Start of Data for processing
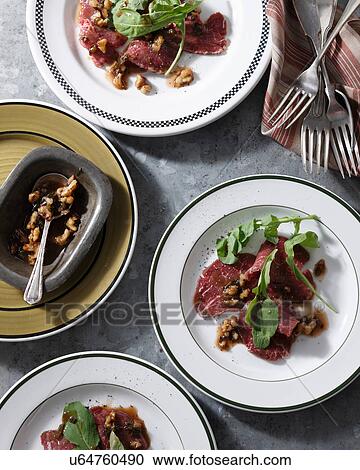 Stock Image - Bistro table with plates of beef carpaccio, rocket and walnuts. Fotosearch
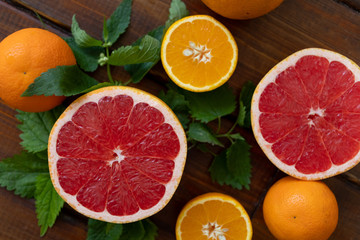 oranges and grapefruit on a brown wooden background, top view, text space, citrus
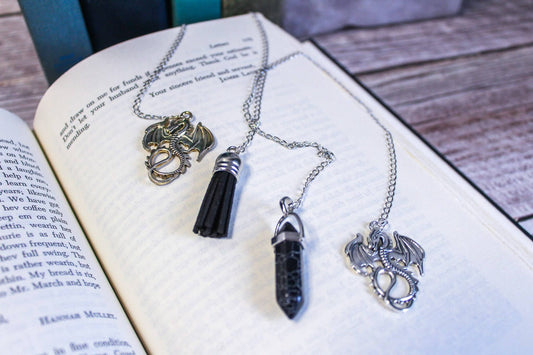 Two necklaces with dragon pendants on an open book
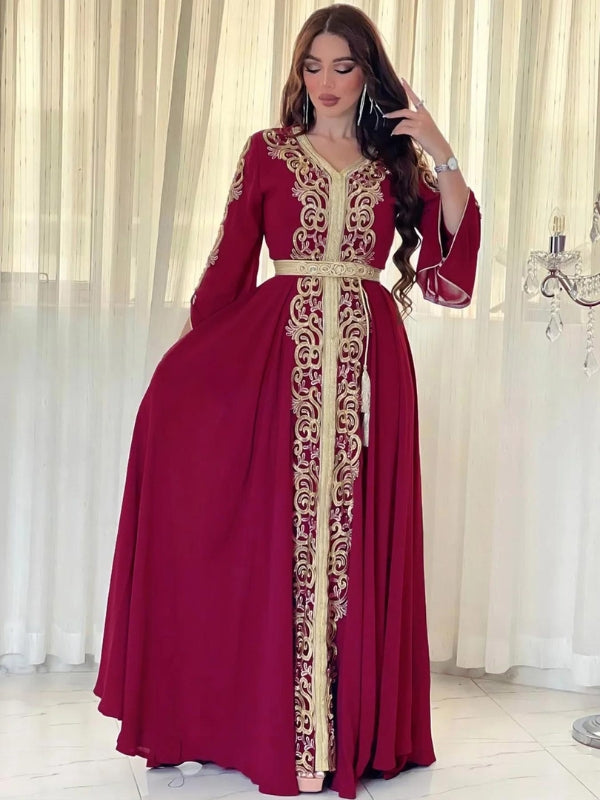 Une femme portant un somptueux caftan bordeaux richement orné de broderies dorées qui descendent le long du centre de la robe et sur les manches. Le caftan, qui épouse gracieusement la silhouette, est cintré à la taille par une ceinture assortie, également ornée de détails dorés. Le tissu fluide et ample confère à la tenue une allure majestueuse, tandis que la couleur bordeaux apporte une touche de raffinement et de chaleur. L'arrière-plan, composé de rideaux légers, met en valeur la tenue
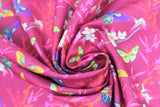 Swirled swatch Masako fabric (dark pink fabric with busy background including red and orange fibrous splatter shapes, grey branches with white flowers and pink leaves and butterflies tossed allover in multi-coloured shades)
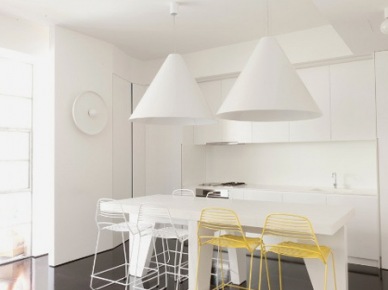 Dizajnerska minimalistyczna kuchnia w bieli z czarną zywiczna podłogą i biało-żółtymi ażurowymi krzesłami (25250)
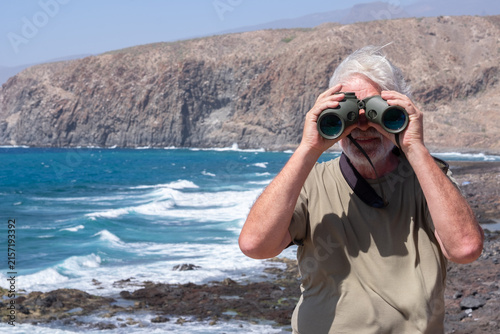 Foto Mature adult man with white hair and beard actively observing the vast ocean and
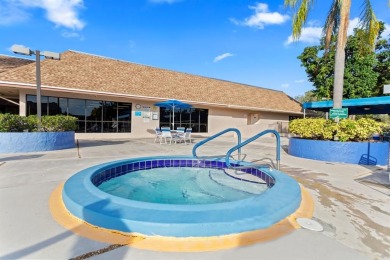 Bright and open 1/1 condo in Phase 3 of Sunrise Lakes community on Sunrise Lakes Phase III in Florida - for sale on GolfHomes.com, golf home, golf lot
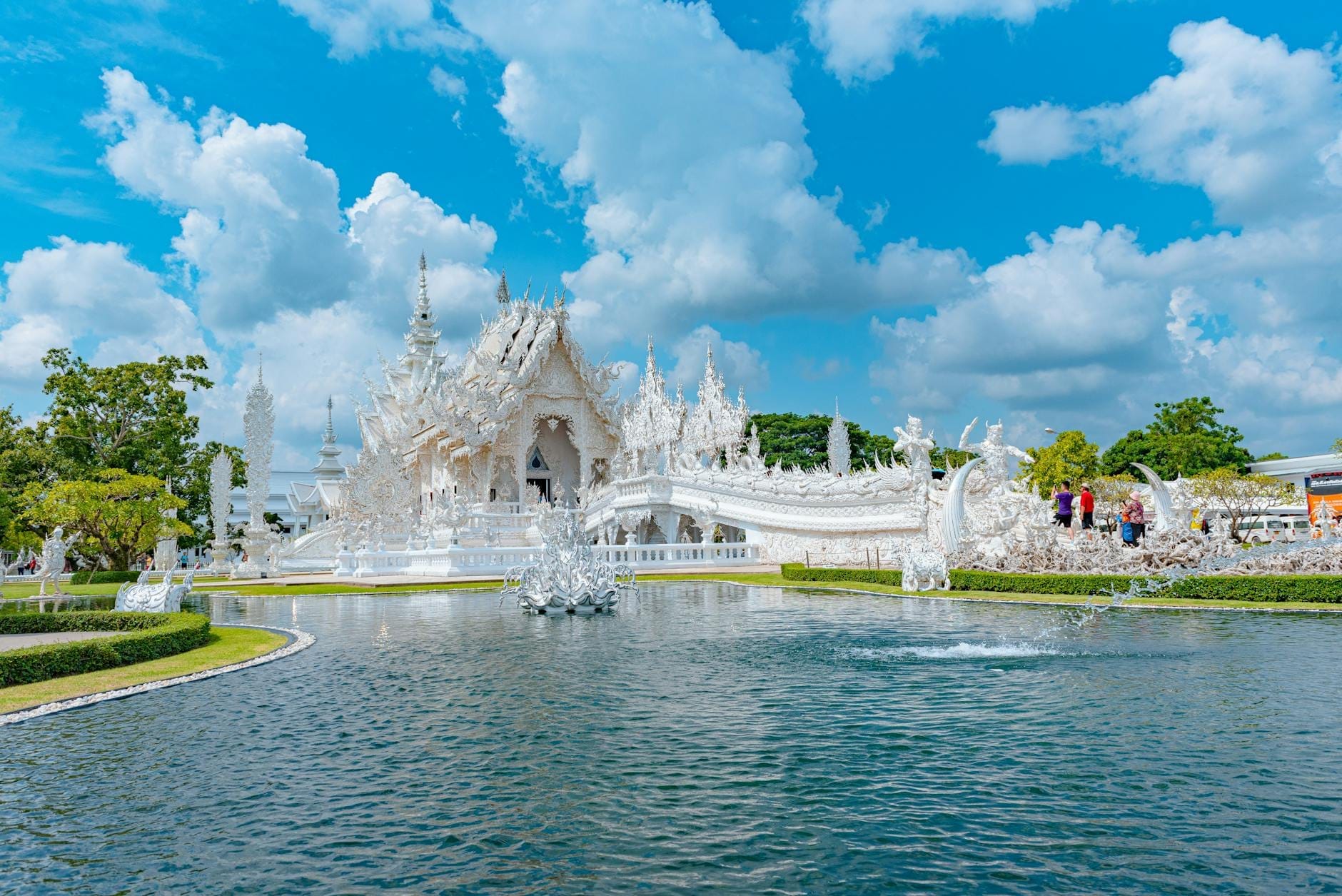 El Templo Blanco (Wat Rong Khun) en Chiang Rai, Tailandia, con su ornamentada arquitectura blanca y su puente reflejados en un estanque en un día soleado.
End of Data for processing
▶ What this task involves
What the answer needs is every line from the one with "Dizajnerska minimalistyczna kuchnia" through the last line of the data, reproduced word for word and with pictures omitted.

▶ Written solution
 Dizajnerska minimalistyczna kuchnia w bieli z czarną zywiczna podłogą i biało-żółtymi ażurowymi krzesłami (25250)
 Foto Mature adult man with white hair and beard actively observing the vast ocean and
 Bright and open 1/1 condo in Phase 3 of Sunrise Lakes community on Sunrise Lakes Phase III in Florida - for sale on GolfHomes.com, golf home, golf lot
 El Templo Blanco (Wat Rong Khun) en Chiang Rai, Tailandia, con su ornamentada arquitectura blanca y su puente reflejados en un estanque en un día soleado.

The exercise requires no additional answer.